Some restaurants have already banned food selfies. Michel Roux has prohibited selfies at his British Michelin-starred restaurant, Waterside Inn.

"I’m really getting so upset about people taking pictures. We put up a card at the door - ‘No photos, please,’” said Michel Roux, according to the British paper The Telegraph.“What are they doing? Maybe once during the meal you want to take a little photo of something because it’s unusual. But what about the flavors?" added Roux.

Roux banned customers taking photos of food because he feels it takes away from the experience of eating the food. Another restaurant that bans food photographs is Carthage Must Be Stopped. The Brooklyn restaurant also bans photos except for photos taken at their table. Another Brooklyn restaurant, Chef's Table, also bans foodstagramming but has professional photos of their meals on their website that customers can share.

While there may be a generational reason for Roux's ban ( he's 76), Millenials take pictures of everything- especially a good meal.

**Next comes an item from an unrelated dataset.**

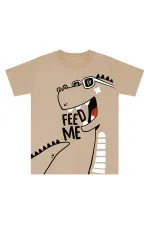 Komik Dino Erkek Çocuk T-shirt Kapri Şort Takım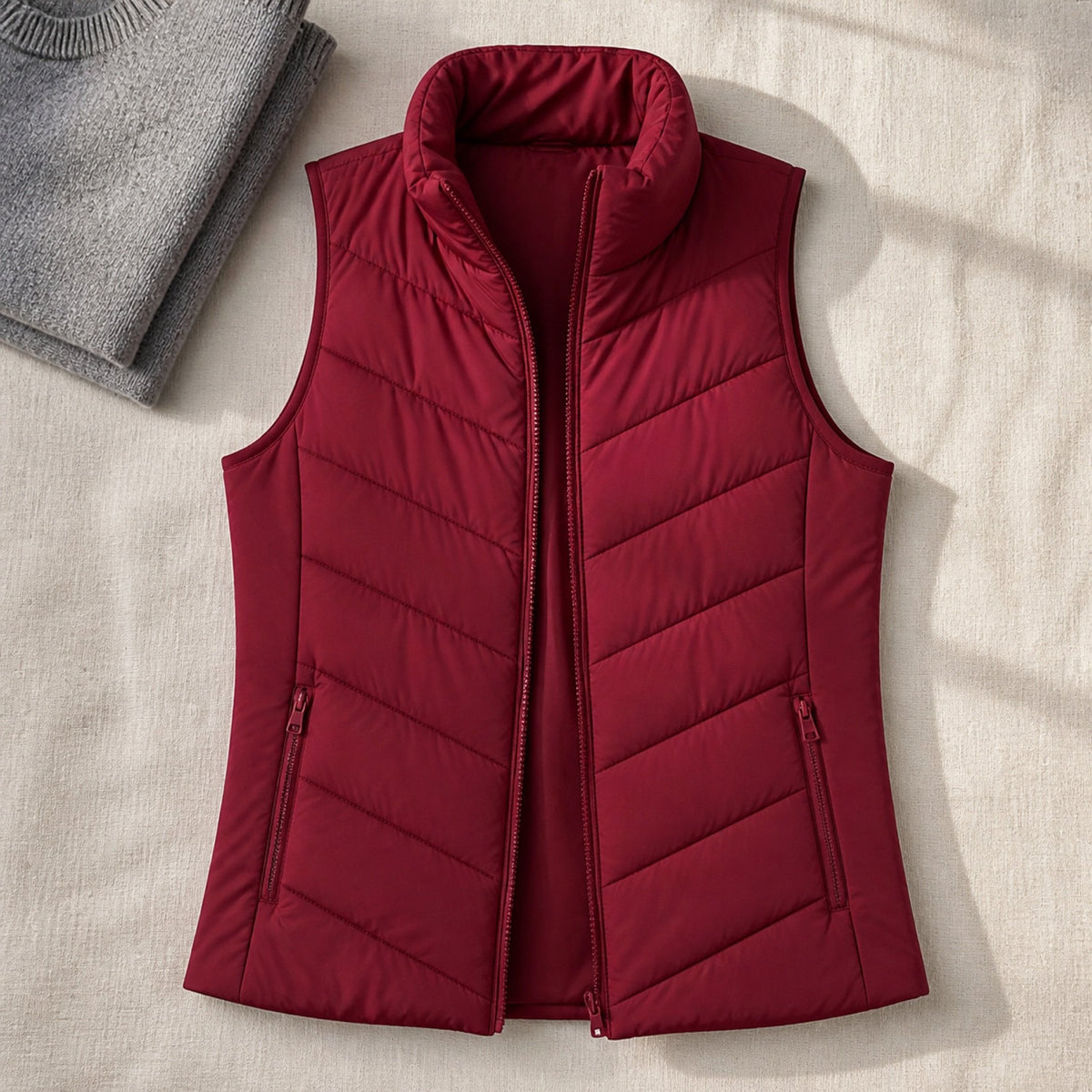 The Rowan | Quilted Gilet, Red — flat lay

As long as it doesn't interfere with other peoples' meals, let customers take the food photos.

Many see food selfies as free promotion for the restaurant and just a way to show appreciation for their delicious and visually appealing meal. In this time of sharing food selfies, food photos can help bring in new customers to a restaurant or inspire them to try new food. Foodstagramming can also showcase beautiful photography and add material to favorite food blogs or social media sites.

While Roux is against taking pictures of food in restaurants, Gordon Ramsey is cool with customer food selfies. In typical Gordon Ramsey fashion, he described Roux as "bloody pompous" and said those unhappy customers that can't take photos "vote with their feet." Ironically, the Michelin Guide that awarded three stars to Roux's Waterside Inn posts food selfies on their website.

Hopefully, Roux can see that food photos are just a part of modern times. However, Roux does have a point that food selfies shouldn't overwhelm a diner's experience. As long as foodstagramming isn't obtrusive, a good meal can be shared on social media.

Restaurants can partner with foodies to help market their restaurants. Roux should welcome the foodie photos to the restaurant's website to promote the stuffy image Waterside Inn now has. Foodstagramming may be the new way for customers to show their love of food and share that enthusiasm with the world.